In the next few weeks, students will be pouring into Oxford and settling into their colleges in anticipation of a busy term ahead.
But before term starts, there’s all the excitement of Freshers’ week to enjoy – exploring a new city, meeting other people, and embracing Oxford’s social scene. Staying out late into the night at pubs and clubs, can be fun but also fatiguing, causing some of us to start term drained. Exhaustion can make the transition from Freshers’ fun to academic assignments particularly tricky, and can affect your academic performance – so it’s important to respect your own limits and enjoy yourself responsibly, so you’re ready to hit the ground running at the end of the week.
I’ll be a veteran when I return to Oxford to start my Master’s course, having survived Freshers’ as an undergraduate here too. This should mean that I know exactly how to handle the week like a pro, having reached the end of my last Freshers’ resembling something from The Walking Dead and with about as much brain capacity. It wasn’t the alcohol or the partying; my main issue was my arrogance in thinking I could get away by surviving on virtually no sleep, and I found out the hard way that this just wasn’t true. I hadn’t appreciated that Freshers’ week is not only about late nights socialising, but also some early morning academic orientations which are vital to attend. I was attending these inductions on about three hours sleep, and so by the end of the week still had no idea how to use the library systems because my brain simply wasn’t functioning.
This had a knock-on effect, as I couldn’t work out how to access the books I needed when my friends were sailing through, which slowed down my working and impacted my ability to engage in class. In addition, I underestimated the impact tiredness had on my work: looking back I can see that when I thought I was writing Keats I was barely writing sentences, because fatigue was impairing my self-awareness. I grew frustrated with myself because I was underperforming in my essays, wondering whether I really deserved my place at Oxford, and was staying up even later trying to cram, trying to improve. It seems obvious now that this was counterproductive, and the best thing I could have done was to get a good night’s sleep, refresh my brain and try again. But instead, I continued to believe that getting so little rest and surviving on strong coffee was simply part of being a university student – rather than a product of an particularly tiring Freshers’ week.

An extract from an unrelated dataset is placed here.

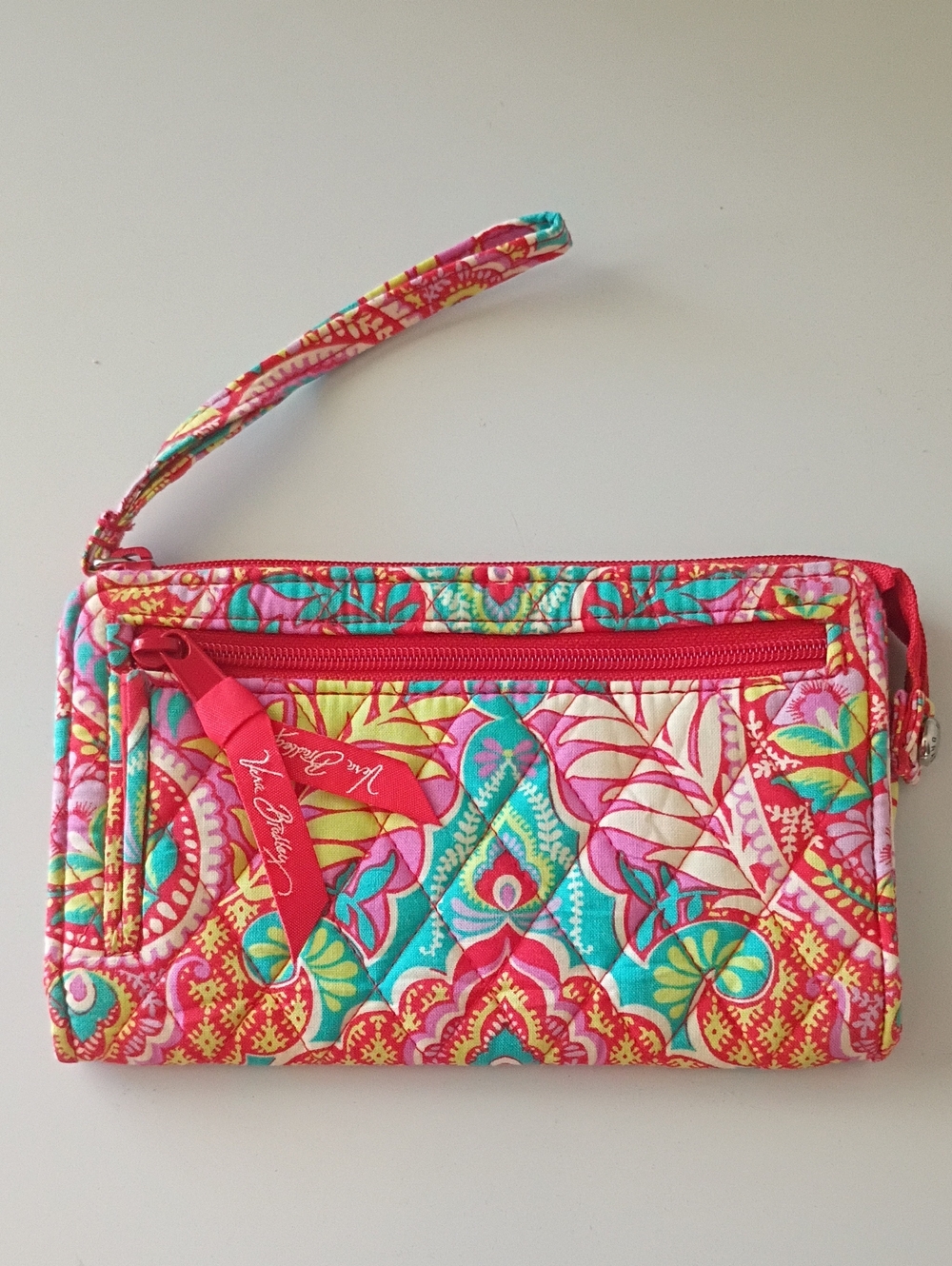Vera Bradley Quilted Wristlet Wallet Retired "Paisley in Paradise" Pattern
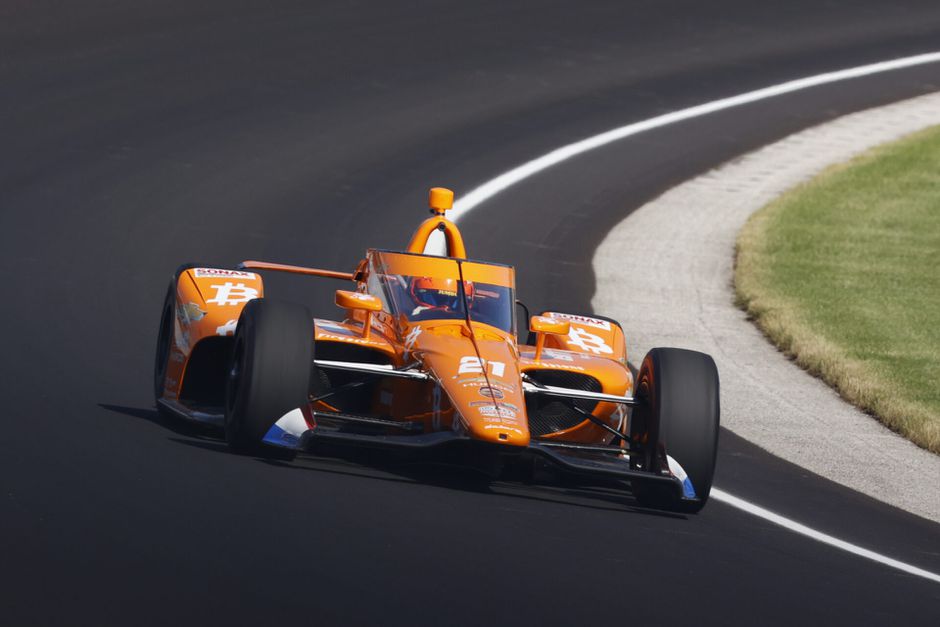 Wow! Rinus 'VeeKay' van Kalmthout rijdt op 2 na snelste snelheid ooit in kwalificatie IndyCar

I wasn’t alone though in ignoring the needs of my body – some of my friends took pride in staying out the latest and made it into a kind of competition. This made it really hard for me to stick to my guns when I’d had enough, so instead of turning in I was always willing to stay up for that extra hour. Coming to university, making new friends and having so much freedom for the first time was incredibly exciting, and I didn’t want to let the experience pass me by while I was tucked up in bed. But now I wish I’d managed my time better and not pushed myself so far every night until I was too exhausted even to enjoy the fun. Establishing a balance is really important, and recognising this could really have made my first Michaelmas that much easier.
My grades improved enormously when I made a conscious effort in Hilary term to get more sleep each night.
Whilst seriously undervalued, getting enough sleep is key to physical and mental wellbeing and strong academic performance. My grades improved enormously when I made a conscious effort in Hilary term to get more sleep each night. Being well-rested doesn’t have to mean being a party-pooper though; it just means being aware of your own limits. Getting stuck in a cycle of caffeine-fuelled exhaustion will make it hard to struggle through Freshers’, let alone an eight-week term. So strike a balance: play hard, work hard, and rest well to make your Oxford experience memorable for the right reasons.